The goal of this study was to assess the current effect on mortality of demographic factors, pathologic characteristics of the tumor, and choice of treatment in women with vaginal cancer. The investigators identified 2149 women diagnosed with primary vaginal cancer between 1990 and 2004, using data from 17 population-based cancer registries participating in the Surveillance, Epidemiology, and End Results program. Cox proportional hazards modeling was used to determine the association between various demographic factors, tumor characteristics, and treatments and risk for vaginal cancer mortality.

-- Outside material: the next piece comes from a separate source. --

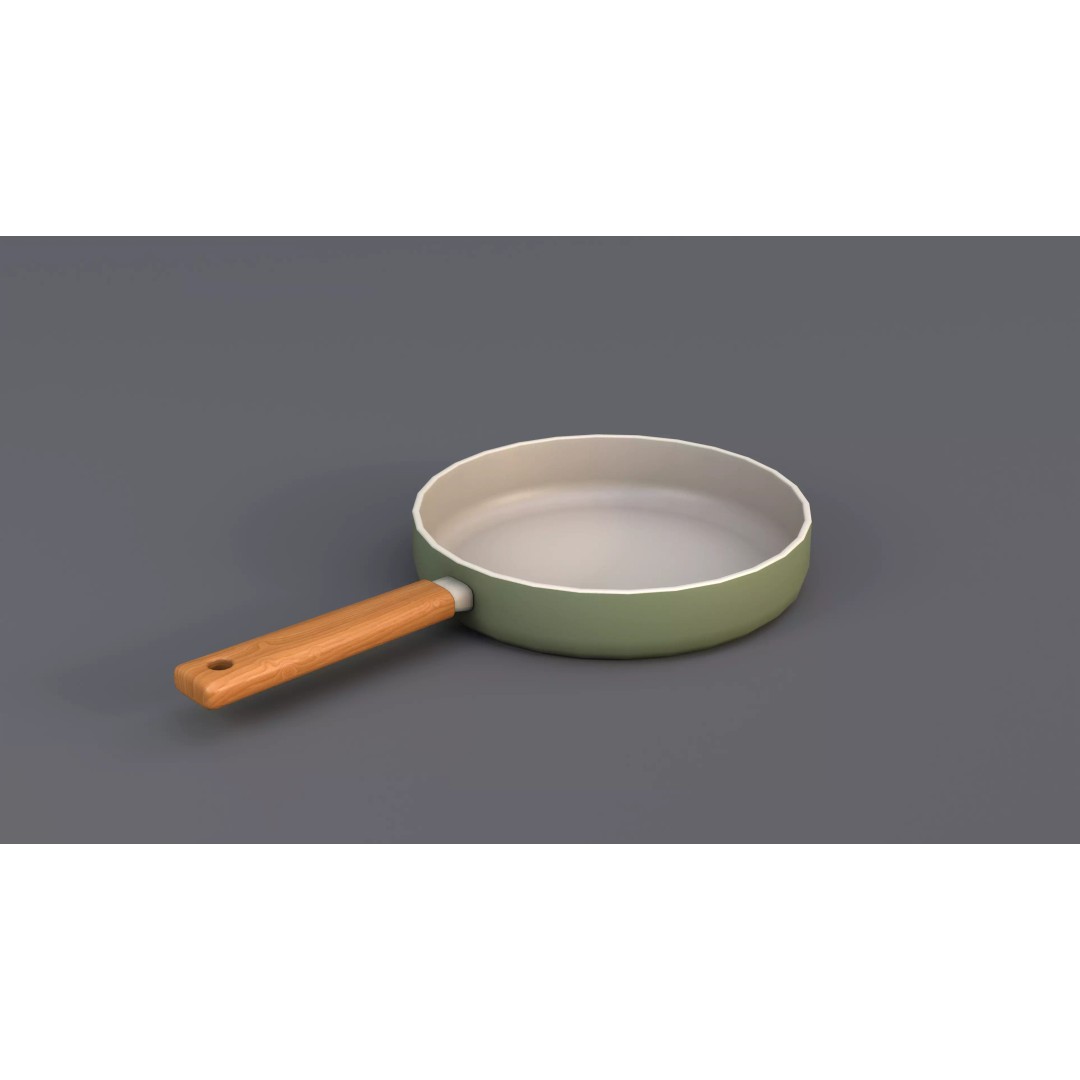 Kitchen Props 3D Model – Low Poly Game Asset, FBX, OBJ, PBR Textures - View 5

At diagnosis, mean age was 65.7 ± 14.3 years, and approximately two thirds were non-Hispanic whites. However, African American women had the highest incidence of vaginal cancer (1.24 per 100,000 person-years). Higher stage predicted lower 5-year disease-specific survival duration, which was 84% for stage I, 75% for stage II, and 57% for stage III/IV. The risks for mortality were increased for tumor size greater than 4 cm (hazard ratio [HR], 1.71) and for advanced disease (HR, 4.67), as determined in a multivariate adjusted model.
Women with vaginal melanoma had a 1.51-fold increased risk for mortality vs those who had squamous cell carcinomas (95% confidence interval, 1.07 – 2.41). In treatment modality, surgery alone had the lowest risk for mortality. Compared with women diagnosed from 1990 to 1994, those diagnosed after 2000 had an adjusted 17% decrease in their risk for death, suggesting a decrease in risk of mortality with time.
Stage, tumor size, histology, and treatment modality significantly affect a woman’s risk of mortality from vaginal cancer, the study authors write. There seems to be a survival advantage that is temporally related to the advent of chemoradiation.
Limitations of this study include observational design, use of data that had already been collected, missing data on tumor size for more than half of cases, lack of data on chemotherapy, and possible residual confounding by unmeasured predictors.
When possible in early stage disease, surgery seems to confer a survival advantage, the study authors conclude. The decision on treatment modality must still be made in the context of the individual patient, because it is unlikely that prospective trials will be undertaken to answer this specific question. In the future we may be able to see if the trend of decreased mortality with modern treatment continues; but presently, it seems there may be an ongoing reduction in the risk of mortality associated with the use of chemoradiation in women with vaginal cancer.